Report finds dearth of available housing for Bay Area teachers, calls for inspired solutions

Most teachers in San Francisco and San Mateo counties don’t make enough to pay for market-rate rent or purchase a home near their schools yet make too much to qualify for housing assistance programs, according to a new report by the Council of Community Housing Organizations.

Comparing what teachers earn to market rate housing prices illustrates the severity of the affordability gap impacting Bay Area educators, finds the August report, Who Will Teach Our Children? Housing the Bay Area’s Educators. Even some families earning more than $150,000 annually cannot afford market rate housing costs, researchers found. The full report is available at

It’s important to consider the wide range of employees that make up a district, including childcare workers, librarians and tenured teachers, and their individual situations. The financial needs of a single- teacher household wildly differ from those of educators who are married or have children, for instance. The spectrum is broad, and the housing affordability needs vary.

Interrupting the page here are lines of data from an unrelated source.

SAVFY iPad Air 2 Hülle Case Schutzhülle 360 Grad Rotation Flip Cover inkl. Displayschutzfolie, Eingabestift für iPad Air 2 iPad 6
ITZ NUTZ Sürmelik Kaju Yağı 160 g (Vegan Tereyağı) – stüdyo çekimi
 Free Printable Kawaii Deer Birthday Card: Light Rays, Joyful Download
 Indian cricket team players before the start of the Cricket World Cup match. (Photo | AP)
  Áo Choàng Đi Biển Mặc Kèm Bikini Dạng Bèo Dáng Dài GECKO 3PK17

That is why state and local policymakers, as well as district leaders, need to get creative, said Fernando Marti, co-director of the CCHO, a San Francisco-based nonprofit comprising community-based housing developers and tenant advocates.

“Affordable housing finance is just catching up to the fact that the affordability crisis now extends to a much broader range of incomes, including teachers who used to be able to find housing near the schools where they taught,” he said. “We need to find new solutions to serve a wider swath of our communities left behind by today’s real estate market.”

Part of the problem is a lack of available affordable options. Researchers found in order to meet the needs of middle- and low-income workers, San Mateo County would need to develop an additional 10,000 new affordable housing units and San Francisco would need more than 16,300 new affordable homes by 2023.

Most affordable housing built in California has been funded through a combination of local, state and federal sources that are designated for households earning less than 60 percent of the area median income (AMI), which Marti said may have worked for some educator households. Yet even with new federal tax laws stretching to include those earning up to 80 percent of the median — which expands the accessibility of affordable housing to most entry-level teachers — experienced teachers or households with two-income earners still earn too much to qualify for assistance, but too little to rent market-rate units.

To illustrate the issue, researchers found that the median household income was $98,500 for a two-person household in San Francisco, and $109,450 for a two-person household in San Mateo County. Neither household could afford to purchase a home in the Bay Area, where the median price is $960,000. Meanwhile, a one-bedroom apartment in San Mateo County will likely cost close to $3,000 per month, with San Francisco rentals exceeding that, researchers found.

If a family is paying more than 30 percent of their household income toward housing, they are considered rent or cost burdened by federal standards, meaning they will have less money available for basic costs such as food and transportation. The two-person households mentioned above should be paying no more than about $2,700 per month but the report found they are often paying significantly more.

Meanwhile, many local educational agencies and voters in high-cost areas have sought to help their educators live in the neighborhoods they serve through various initiatives.

In 2016, Santa Clara county voters approved a $950 million bond that included $150 million dedicated to multi-family rental and homebuyers programs targeted to households earning between 50 percent and 120 percent AMI. And as of May of this year, West Contra Costa Unified, San Jose Unified, Jefferson Union High School District and the Sonoma County Office of Education are among those LEAs that have approved the development of employee housing or are considering it.

Housing advocates in San Francisco are also working to get ahead of any issues that could prevent the county and city’s only school district and City College of San Francisco from converting underused or vacant buildings they already have into housing options for teachers and staff.

“We’ve got a ballot measure this November to pre-zone those sites citywide for teacher housing, so the planning code issues are all resolved up front,” Marti said. “We’re also going to the voters with an affordable housing bond with two specific set-asides to help teachers, $20 million for this kind of mixed-income rental housing, and another $20 million in down-payment assistance loans.”